Match as an alternative to merge in R
One of the most common operations in data wrangling is joining two sets of data by a common variable. Probably the most popular method for this is the obscure vlookup
function in Excel (simply because it’s the most widely used software for data manipulaton). The closest alternative in base R is merge
and the dplyr package contains the join function family which is even more convenient. But there is a more simple and direct solution when only one variable needs to be added to a dataset.
Suppose we have two data frames, df.a
and df.b
, and we wish to get the values of other.var
from df.b
into df.a
so that each id
gets their “own” value. There are various methods for joining, each yielding a different result. But in my experience left join on a single variable is the most frequent and this is what we will explore here.

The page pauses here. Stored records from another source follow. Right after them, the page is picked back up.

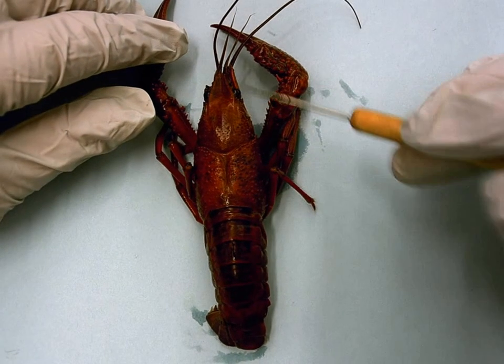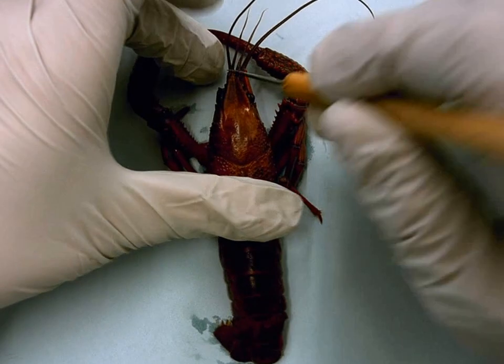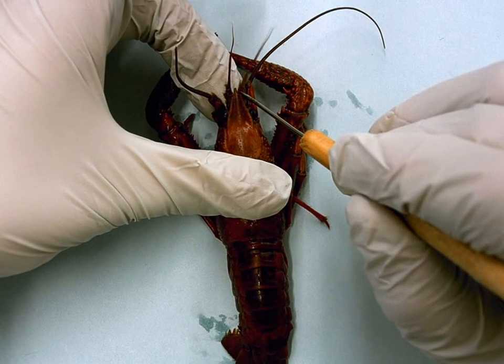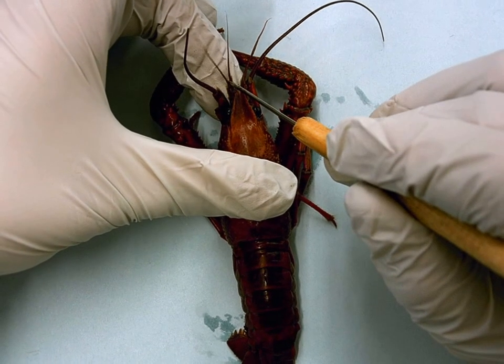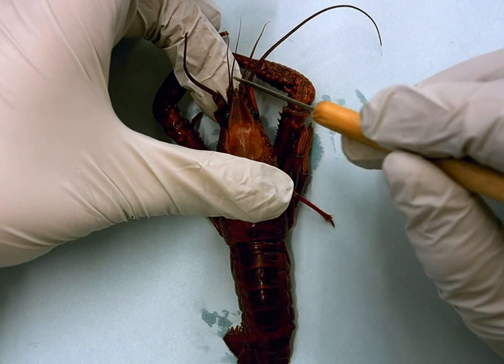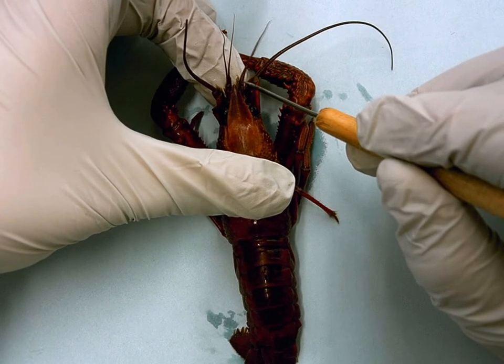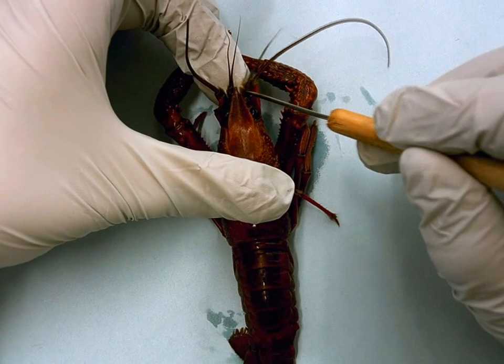Starting in the head region, it asks you to find the first antennae, which are called the antennules. Those would be these first two little extensions off the body — one antennule here and the other antennule here, coming off of pretty much one base.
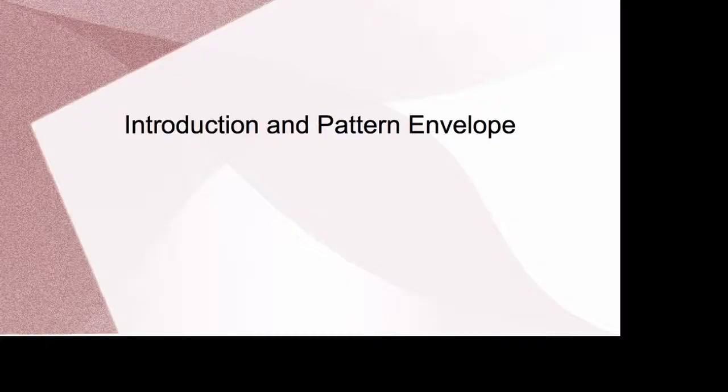Hi, Ruthie here and this is your review for McCall's pattern 4320.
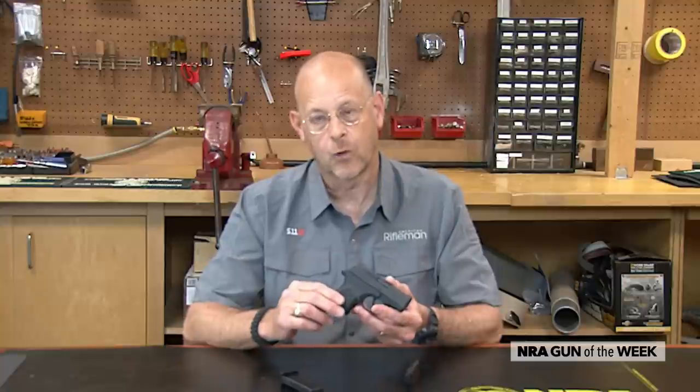For more on Remington's, go to remington.com. For more guns of the week, visit AmericanRifleman.org.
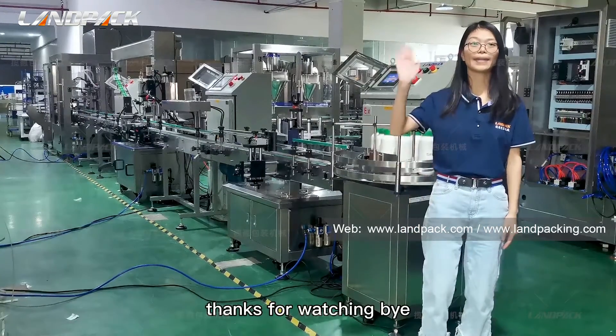We've gone through the whole system. You'll find that about three workers are totally enough to handle the whole line — one or two workers to arrange empty bottles, caps, and labels regularly, and one worker to collect the finished bottles. So if you want fewer workers to finish more daily production, please contact us for a perfect solution. Thanks for watching. Bye.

df.a <- data.frame(id = sample(LETTERS, 10),
some.var = rnorm(10))
df.a
## id some.var
## 1 K 0.18680978
## 2 W -1.20721078
## 3 P -0.05905494
## 4 L 1.55776950
## 5 Y 2.13328219
## 6 B 0.69926471
## 7 A -0.03656637
## 8 S -0.69594103
## 9 T 0.90289095
## 10 X 0.31828502
df.b <- data.frame(id = sample(LETTERS, 20),
other.var = runif(20, 1, 100))
df.b
## id other.var
## 1 T 18.461094
## 2 M 86.746373
## 3 N 76.536230
## 4 P 79.338731
## 5 B 62.402434
## 6 I 50.785243
## 7 O 65.291921
## 8 X 27.777302
## 9 A 65.784727
## 10 D 45.353893
## 11 H 26.760644
## 12 Q 10.775249
## 13 E 47.873233
## 14 C 74.418394
## 15 Z 67.870696
## 16 Y 35.722271
## 17 K 40.220227
## 18 U 69.011976
## 19 V 3.544297
## 20 F 5.644257
Left join with ‘merge’
When using merge
, we specify the arguments of the function, run it and then through some magic a new dataset with requested columns is created. Note that we don’t need to specify by which variable we wish to merge if variable names are the same.

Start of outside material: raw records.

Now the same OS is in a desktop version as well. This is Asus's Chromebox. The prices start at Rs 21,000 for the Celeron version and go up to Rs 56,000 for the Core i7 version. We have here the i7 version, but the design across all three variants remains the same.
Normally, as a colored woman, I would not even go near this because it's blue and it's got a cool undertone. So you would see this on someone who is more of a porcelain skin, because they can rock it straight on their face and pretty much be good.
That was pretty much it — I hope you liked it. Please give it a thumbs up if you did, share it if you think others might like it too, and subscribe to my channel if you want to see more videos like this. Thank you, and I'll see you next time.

df.merge <- merge(df.a, df.b, all.x = T, all.y = F)
df.merge
## id some.var other.var
## 1 A -0.03656637 65.78473
## 2 B 0.69926471 62.40243
## 3 K 0.18680978 40.22023
## 4 L 1.55776950 NA
## 5 P -0.05905494 79.33873
## 6 S -0.69594103 NA
## 7 T 0.90289095 18.46109
## 8 W -1.20721078 NA
## 9 X 0.31828502 27.77730
## 10 Y 2.13328219 35.72227
Left join with ‘match’
A more hands-on approach involves first figuring out which rows in df.a
correspond to which rows in df.b
according to id
. The match
function allows us to do just that.
match(df.a$id, df.b$id)
## [1] 17 NA 4 NA 16 5 9 NA 1 8
Now that we have the row numbers, we can simply return other.var
in df.b
where the matches occur. A useful side effect is that we can define the name for the new variable while matching.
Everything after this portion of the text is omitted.